» **WHAT YOU HAVE TO DO**
For the listing below, give the count of lines containing "Summer", and no other text.

» **DATA EXTRACTS**
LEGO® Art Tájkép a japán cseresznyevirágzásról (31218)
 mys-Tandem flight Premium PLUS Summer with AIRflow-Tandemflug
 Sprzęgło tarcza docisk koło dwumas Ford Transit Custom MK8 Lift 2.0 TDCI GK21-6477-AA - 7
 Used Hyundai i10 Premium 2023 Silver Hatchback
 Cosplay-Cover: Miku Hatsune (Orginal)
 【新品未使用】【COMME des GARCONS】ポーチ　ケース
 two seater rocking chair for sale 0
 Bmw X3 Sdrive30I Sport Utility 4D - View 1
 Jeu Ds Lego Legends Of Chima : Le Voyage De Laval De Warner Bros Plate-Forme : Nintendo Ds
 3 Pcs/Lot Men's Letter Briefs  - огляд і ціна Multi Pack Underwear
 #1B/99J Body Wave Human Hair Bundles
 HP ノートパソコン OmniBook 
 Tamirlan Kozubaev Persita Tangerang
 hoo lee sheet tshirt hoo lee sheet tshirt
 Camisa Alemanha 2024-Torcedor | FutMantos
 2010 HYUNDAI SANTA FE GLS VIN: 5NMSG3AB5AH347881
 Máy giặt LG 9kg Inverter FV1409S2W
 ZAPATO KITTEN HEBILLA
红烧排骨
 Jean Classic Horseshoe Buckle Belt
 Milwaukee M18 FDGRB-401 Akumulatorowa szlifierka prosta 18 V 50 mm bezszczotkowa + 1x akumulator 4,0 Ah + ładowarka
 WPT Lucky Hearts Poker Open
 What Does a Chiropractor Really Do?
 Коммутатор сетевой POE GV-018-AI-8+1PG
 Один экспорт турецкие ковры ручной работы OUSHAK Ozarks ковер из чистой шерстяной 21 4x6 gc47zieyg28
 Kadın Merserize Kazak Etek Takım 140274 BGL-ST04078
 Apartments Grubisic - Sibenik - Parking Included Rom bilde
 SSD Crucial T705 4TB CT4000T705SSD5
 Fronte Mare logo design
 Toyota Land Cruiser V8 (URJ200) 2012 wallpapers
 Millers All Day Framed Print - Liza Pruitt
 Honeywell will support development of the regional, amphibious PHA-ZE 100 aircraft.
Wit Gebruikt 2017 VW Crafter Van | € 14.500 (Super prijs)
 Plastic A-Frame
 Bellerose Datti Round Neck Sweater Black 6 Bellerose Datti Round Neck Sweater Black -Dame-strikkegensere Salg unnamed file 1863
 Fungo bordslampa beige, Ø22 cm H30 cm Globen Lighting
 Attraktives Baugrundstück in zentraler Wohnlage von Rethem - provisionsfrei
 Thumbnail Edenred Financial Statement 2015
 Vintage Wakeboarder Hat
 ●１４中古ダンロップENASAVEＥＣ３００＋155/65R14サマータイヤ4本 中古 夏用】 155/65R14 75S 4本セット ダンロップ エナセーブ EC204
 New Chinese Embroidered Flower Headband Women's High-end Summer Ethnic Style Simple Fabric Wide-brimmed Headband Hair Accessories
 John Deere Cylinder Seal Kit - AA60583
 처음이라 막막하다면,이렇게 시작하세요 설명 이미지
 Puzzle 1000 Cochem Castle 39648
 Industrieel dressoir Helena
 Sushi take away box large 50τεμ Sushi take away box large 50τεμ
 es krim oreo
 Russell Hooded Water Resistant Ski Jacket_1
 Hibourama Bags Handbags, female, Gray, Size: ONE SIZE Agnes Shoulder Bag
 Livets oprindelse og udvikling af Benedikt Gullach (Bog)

» **TASK RESPONSE**
2